> [Activity]
The response should repeat word for word every line below from the one with "Car driving on road, motion blur Car" to the one with "grooms shares vows", inclusive, and nothing else; leave pictures out.

> [Records for this exercise]

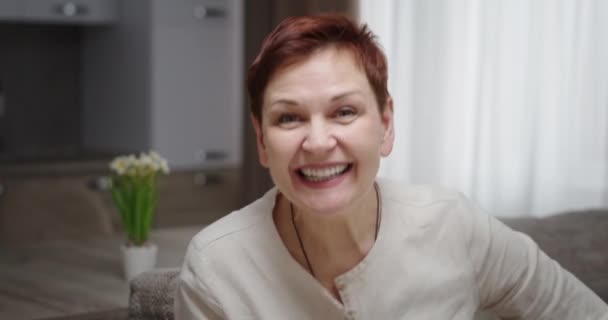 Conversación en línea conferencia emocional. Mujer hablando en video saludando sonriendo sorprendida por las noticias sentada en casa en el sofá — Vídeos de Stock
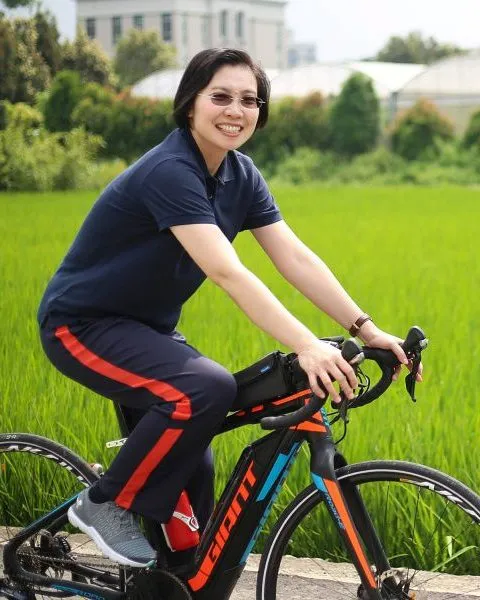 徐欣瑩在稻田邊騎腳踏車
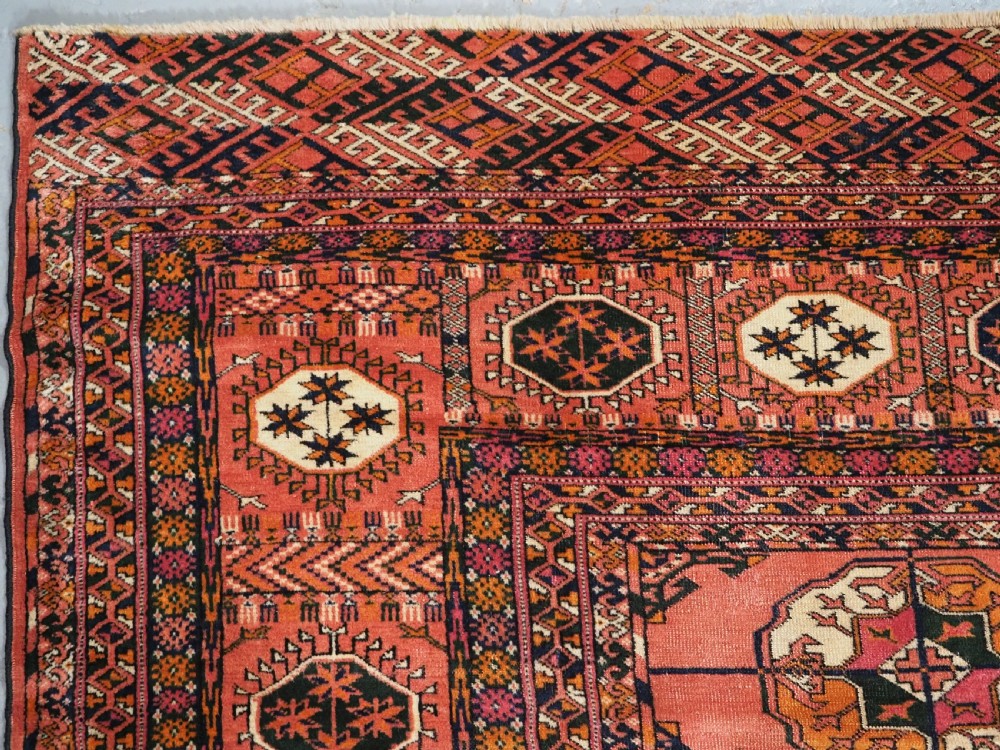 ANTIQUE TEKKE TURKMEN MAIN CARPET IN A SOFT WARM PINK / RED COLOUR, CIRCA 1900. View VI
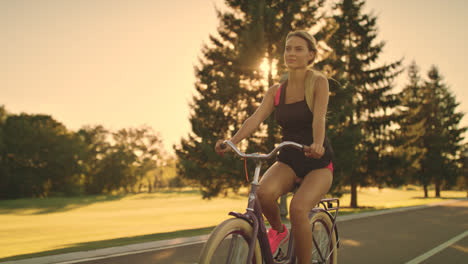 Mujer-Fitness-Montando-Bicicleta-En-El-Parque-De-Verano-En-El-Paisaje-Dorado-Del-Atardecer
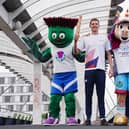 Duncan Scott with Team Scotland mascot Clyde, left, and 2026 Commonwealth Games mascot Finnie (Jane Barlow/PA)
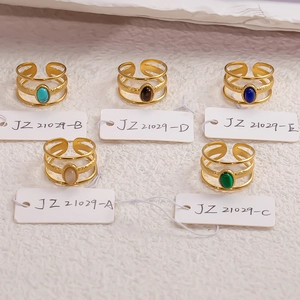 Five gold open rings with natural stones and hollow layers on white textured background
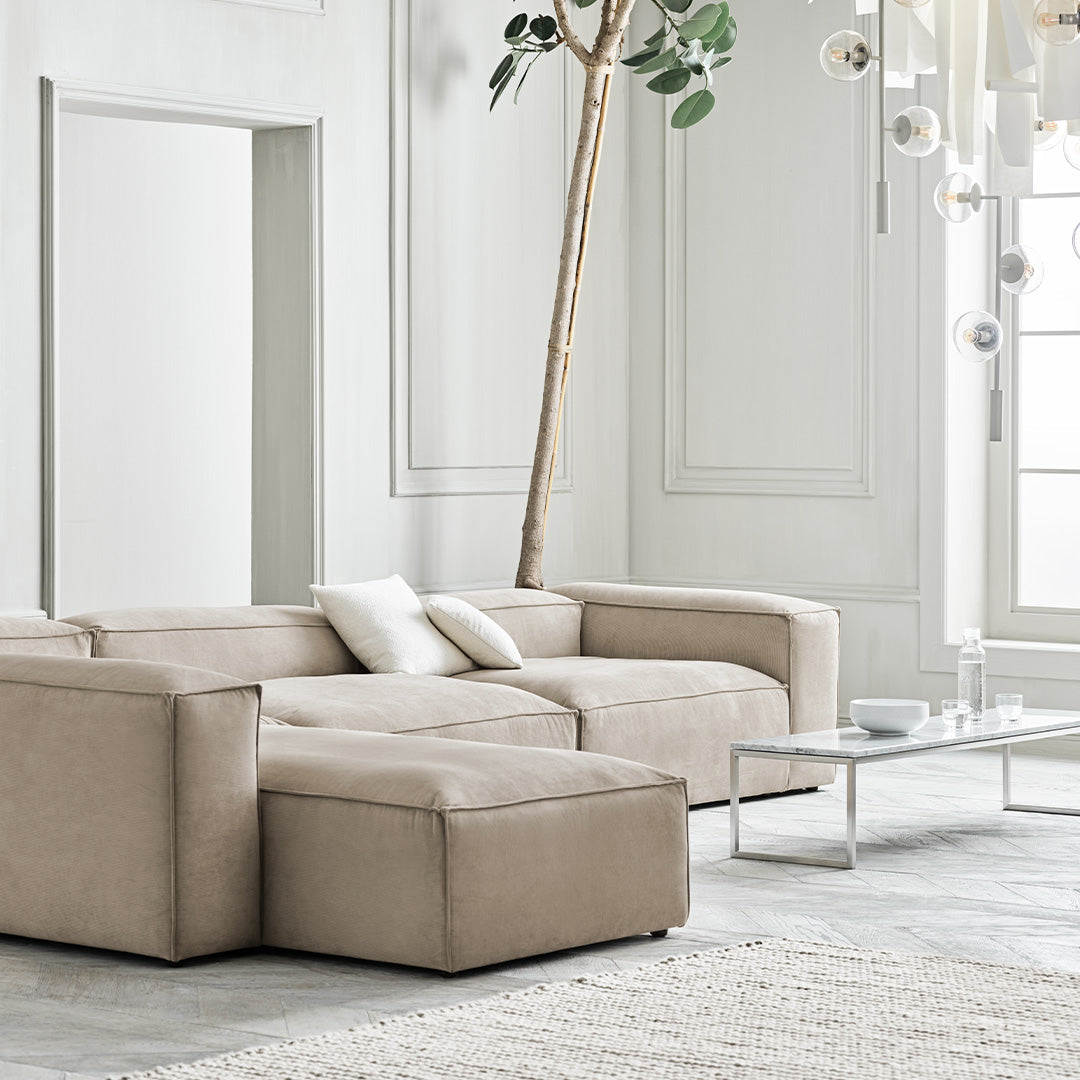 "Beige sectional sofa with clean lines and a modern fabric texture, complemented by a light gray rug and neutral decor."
==
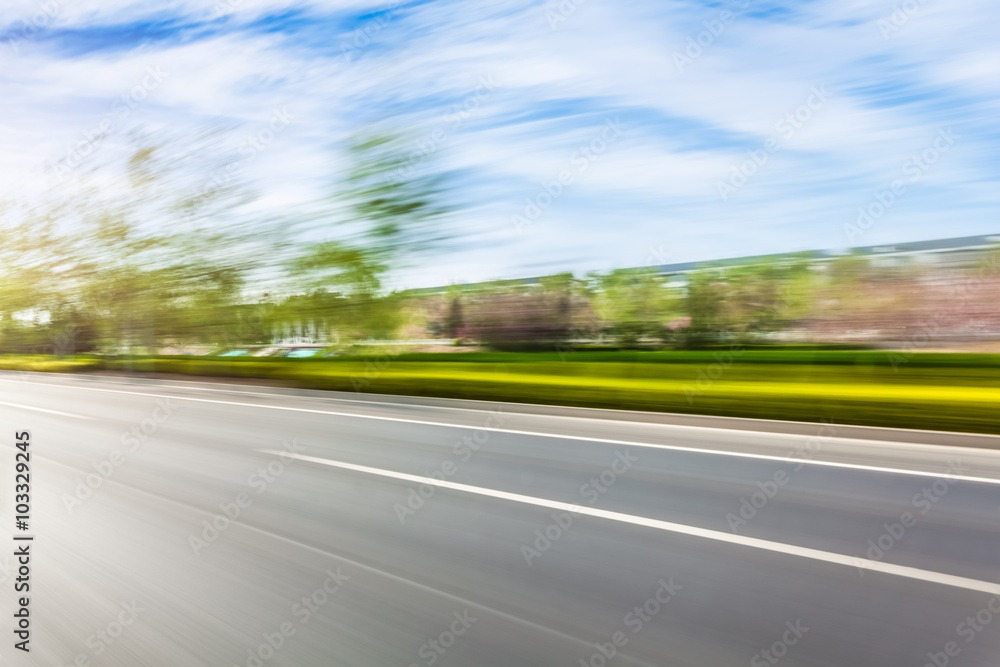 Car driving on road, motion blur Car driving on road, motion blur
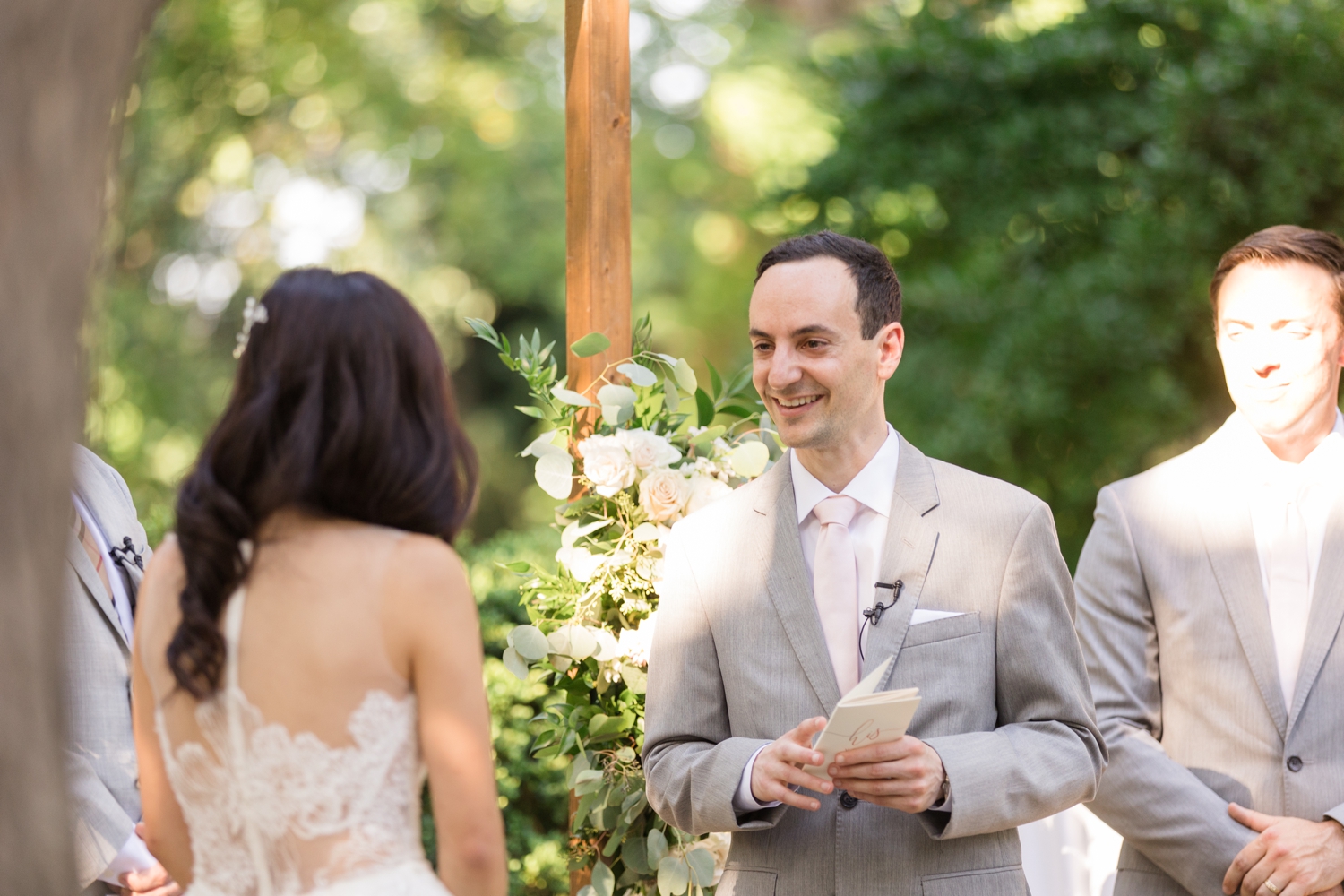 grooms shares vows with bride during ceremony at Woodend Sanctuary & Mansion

> [Solution for this task]
 Car driving on road, motion blur Car driving on road, motion blur
 grooms shares vows with bride during ceremony at Woodend Sanctuary & Mansion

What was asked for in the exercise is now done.